By: John Boscariol (Source: http://www.mccarthy.ca/article_detail.aspx?id=7025)
In recent years, Canada has significantly expanded its multilateral and unilateral trade control measures. Broader scope and increased enforcement in the areas of economic sanctions, export and technology transfer controls, and defence trade controls have raised the stakes for Canadians engaged in cross-border activities. Enforcement and reputational risk is higher than ever and it is critical for any Canadian company doing business abroad to ensure it has internal controls in place to mitigate the growing risk exposure.
During 2014, developments in Russia, the Ukraine and Middle East brought into focus the sanctions risk exposure of Canadian companies regardless of where they do business. In addition, new developments in export and technology transfer controls as well as defence trade controls highlight the importance of keeping apprised of these evolving rules. The following summarizes the most significant of these developments and what they mean for trade control enforcement and compliance in 2015.
Russia and Ukraine
Without a doubt, Russia’s invasion of Ukraine was the big sanctions story of 2014. Canada has been particularly vociferous in its opposition to the Putin regime, being among the first of any country to threaten sanctions over Russian interference in the Ukraine even before the departure of former President Viktor Yanukovych.

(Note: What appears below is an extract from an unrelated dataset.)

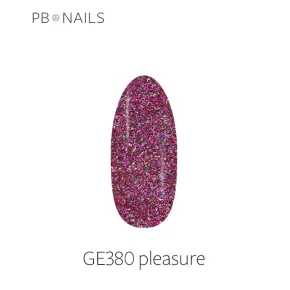 PB Nails Gellaxy GE380 pleasure 5ml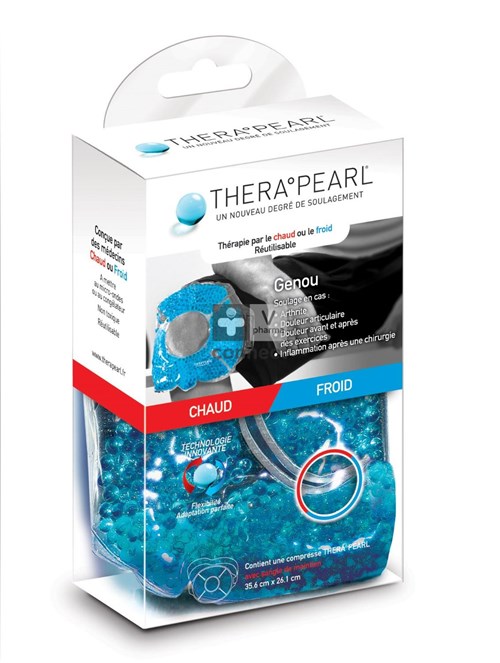 Therapearl Hot & Cold Genou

Beginning in March and continuing throughout 2014, Canada implemented broad listed-based sanctions in response to Russian aggression towards Ukraine and the annexation of the Crimea region. Under the Special Economic Measures (Russia) Regulations (the “Russia Regulations”), persons in Canada and Canadians outside Canada are prohibited from engaging in a broad range of dealings with listed Russian individuals and entities, generally referred to as “Designated Persons” under Canadian sanctions law. The Special Economic Measures (Ukraine) Regulations applies similar restrictions in respect of listed Designated Persons in Ukraine. The Freezing Assets of Corrupt Foreign Officials (Ukraine) Regulations prohibits dealings involving listed persons associated with the former Yanukovych regime. Currently, Canada has listed more individuals and entities than either the United States or the European Union under their respective Russia/Ukraine sanctions.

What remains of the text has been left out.